If we were to look at the textbook roles defined for financial and economic regulators, three objectives would rise to the top: 1) maintaining market confidence 2) maintaining financial stability and 3) consumer protection.

While there is myriad literature addressing the second and third objectives, there is a surprising lack of paucity for the first one. This is a dilemma that regulators face all the time: how to maintain confidence of market participants in the market at a time of falling asset prices, especially when we live in an increasingly asset dependent “financialised” world?

Most regulators will tell you that it is not their job to prop up asset prices; rather, their role in maintaining market confidence is to ensure that there is a transparent flow of information, and that the rules in place are constantly fine-tuned to enable price discovery and an efficient allocation of resources. But that is clearly not been true for most of the developed world over the last two decades, when intervention has been specifically to buy assets in order to stop the downward spiral of asset prices.

Market intervention
Image Credit: Gulf News

Notice that the role is asymmetric; regulators have seldom moved to check asset price inflation, other than the conventional mechanism of increasing interest rates, which, in most countries, is a function performed by the central bank. When prices have fallen however, there has been increasingly unconventional means resorted to to prop up asset prices.

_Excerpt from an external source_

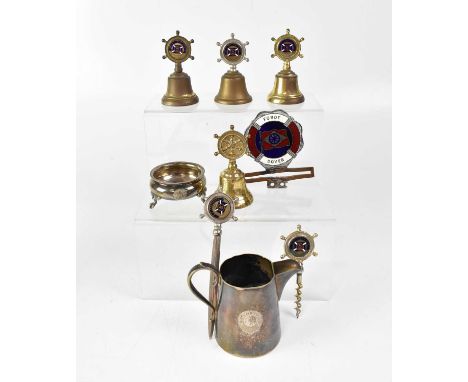 Various shipping line commemorative souvenir items to include sugar bowl, jug, bells, penknife, corkscrew, card badges for LB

Tacit in these strategies has been the increasing role that asset prices play in economic growth. For example, the “wealth effect” in America is such that today a 10 per cent increase in equity and real estate prices feeds into nearly a 1 per cent GDP growth (with a lag), up five-fold from 50 years ago.

This creates expectations on behalf of the small investor. Anytime there is a market correction, there is always an expectation that there will be some sort of intervention. When it does not transpire, the media is filled with commentary that talks of the “loss in market confidence” and the failure of regulators.

Clearly this is tautology, but it places the regulators into a conundrum: their effectiveness is gauged increasingly by asset price declines. In the UAE, the rule book thus far in place has allowed for a much larger role for the private sector for the price discovery mechanism.

Regulators have focused on protecting small investors, and increasing the level of transparency. However, the influx of funds in the real estate sector post the freehold phenomena has meant that the economic fortunes of Dubai has been increasingly intertwined with the role of real estate prices.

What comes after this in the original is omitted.